I’m giving a talk to some kids tomorrow about astronomy, and I wanted to give an idea of the distances we’re talking about. I researched lots of ways to demonstrate the scale of the solar system, but these are little kids, and none seemed appropriate.
So I had the idea to put it to them in what are hopefully familiar terms. Assume we are travelling on a school bus, and we’ve got the sucker cranked up to 100 mph. Using the average distances of the planets from the sun, I came up with these numbers for driving time to the planets:
Point to point (years) : Cumulative
Mercury 41 : 41
Venus 35 : 76
Earth 29 : 106
Moon 99.52 (days)
Mars 55 : 161
Jupiter 390 : 551
Saturn 459 : 1011
Uranus 1025 : 2036
Neptune 1153 : 3189
Pluto 999 : 4189
This really blows me away. I had a hard time deciding to where to post this. I mean, it hardly seems mundane and pointless…

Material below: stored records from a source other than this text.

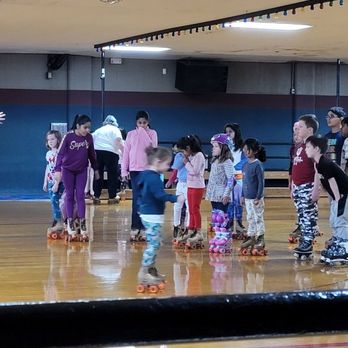 Franklin Skate Club - Beginners skating lesson - Skating Rinks Near Me - Franklin, Indiana Franklin Skate Club - Beginners skating lesson - Skating Rinks Near Me - Franklin, Indiana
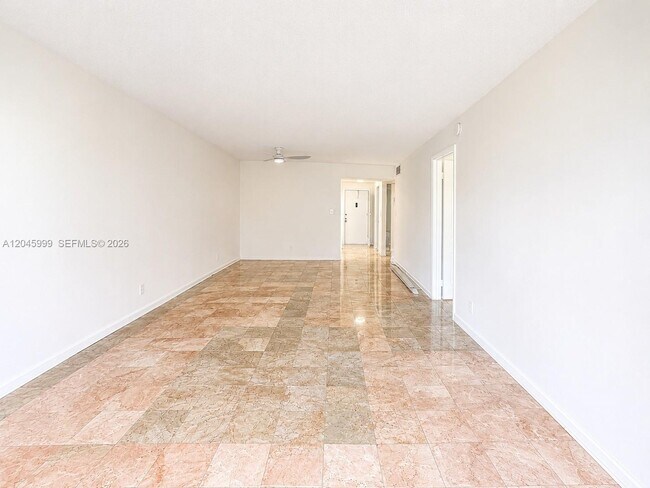 Photo - 6080 NW 44th St Unidad 410
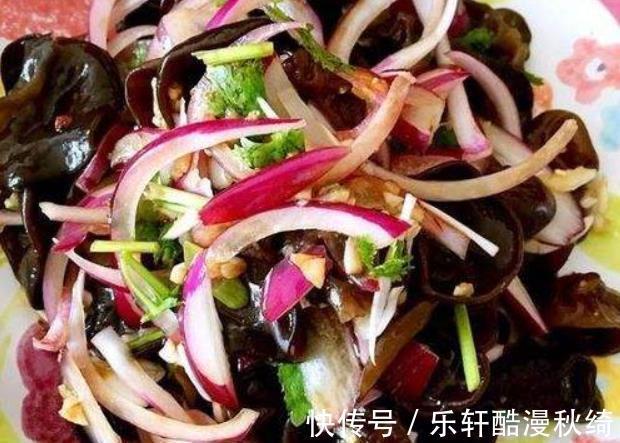 搅拌均匀|凉拌木耳如何做到香脆可口四川厨师长教你1招，好吃不过瘾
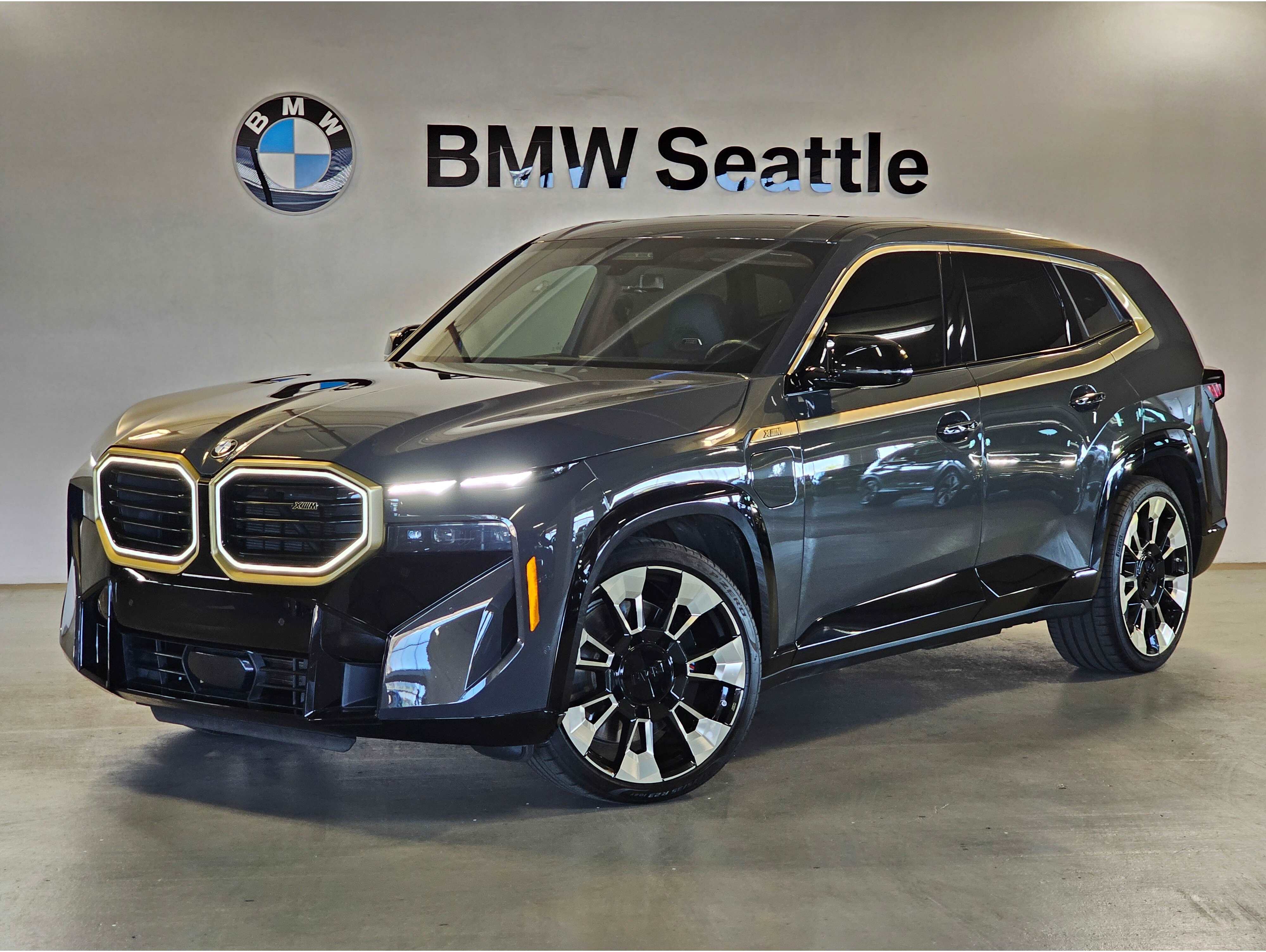 2023 BMW XM Base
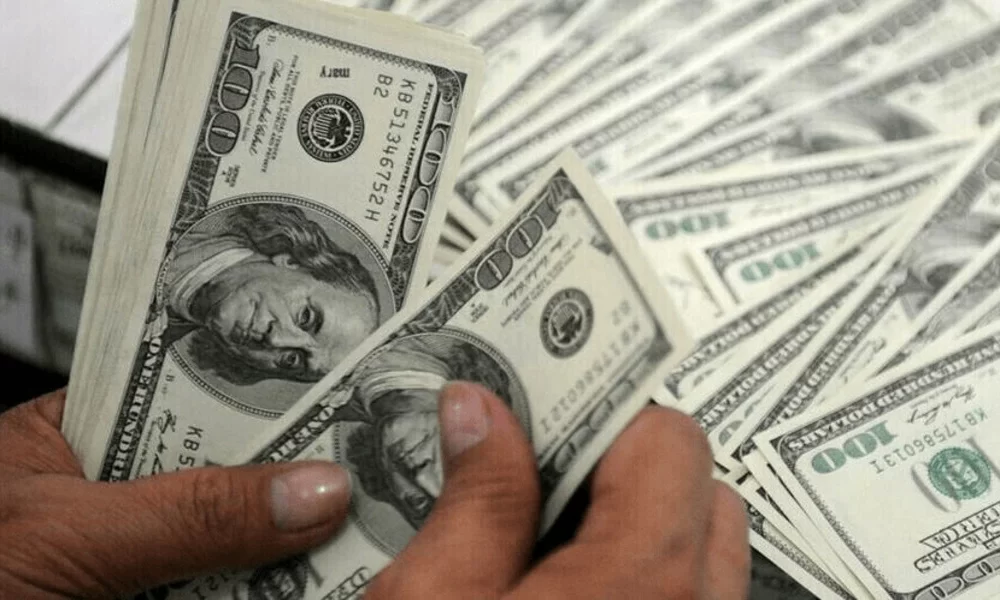 Dollar Extends Drop After Inflation data knock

And could someone please check my math for me? I got my data from the JPL web site. They give one astronomical unit as 92,955,820 miles. Driving at 100mph I figure that distance to take 106.1139498 years. I used that figure, rounding off the decimals to make the other calculations (which is why they are slightly off - all those decimals eventually add up). Average distance to the moon from earth was listed as 238,855 miles. That would take just over 99 days. I fudged that, and called it a third of year.
Do I have it close enough to right to make my point?